The 39-year-old Democratic Party leader's first challenge would be to form a coalition that is dynamic and harmonious enough in Italy's squabbling landscape to kick-start the economy, create jobs and prod Parliament to enact electoral reforms designed to make the nation more governable.
President Giorgio Napolitano's office announced on Sunday that he will meet with Renzi the following day.
Through internal maneuvering in the Democratic Party, Renzi engineered the collapse last week of Premier Enrico Letta's government. That 10-month-old broad coalition of bitter rivals was cobbled together after last year's election yielded political gridlock.
Only days before Democratic Party leaders used a no-confidence vote to force Letta to resign on Friday, the ambitious Renzi had assured the premier that he had nothing to worry about — promising that he would only seek the premiership through the ballot box.
If he becomes premier now, Renzi would be the youngest one in the dozens of governments that Italy has had since the republic was formed after World War II.
Detractors who have criticised Renzi as too ambitious and power hungry have pointed out that Benito Mussolini also was 39 when Italy's monarch asked the Fascist leader to form a government in 1922.
If tapped by Napolitano as expected today, Renzi will have to try to forge a solid coalition government with centre-right and centrist parties, since his own Democrats cannot command a reliable majority in both chambers. Then Renzi must win mandatory confidence votes in Parliament, convincing lawmakers he is the man of the hour needed to be the premier of the economically-struggling country.
One hurdle emerged on Sunday.
Angelino Alfano, the leader of a centre-right force in Letta's coalition, told his party's base that he will demand promises from Renzi before joining the new government.
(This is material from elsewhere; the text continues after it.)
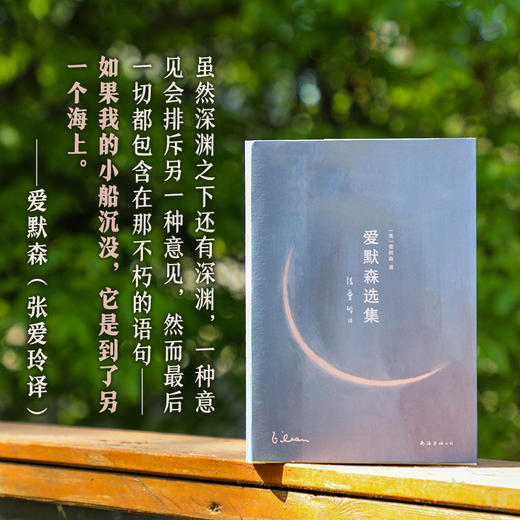 爱默森选集（2024版） 商品图0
Alfano, the interior minister in the outgoing government, pressed Renzi to identify his goals.
Alfano's small party broke away from longtime conservative leader Silvio Berlusconi, who is now the main opposition leader.
Renzi has alienated some in his own party by reneging on pledges to become premier only through a general election. And Renzi's abrupt betrayal of Letta left many wondering why.
Italy's economy has just shown its first signs of positive growth after several years of shrinking or being stagnant. The much-watched ''spread“ between interest rates on Italian state bonds and benchmark German ones has narrowed since the turmoil in world financial markets forced Berlusconi to resign in 2011.
Asked on Sky TG24 TV what was behind Renzi's power move, Economy Minister Fabrizio Saccomanni cited “increasing impatience” with Italy's economic morass.
The heads of Italy's industrialists lobby and the chief of the nation's largest labor confederation recently stepped up their grumbling about the slow pace of progress by the Letta government.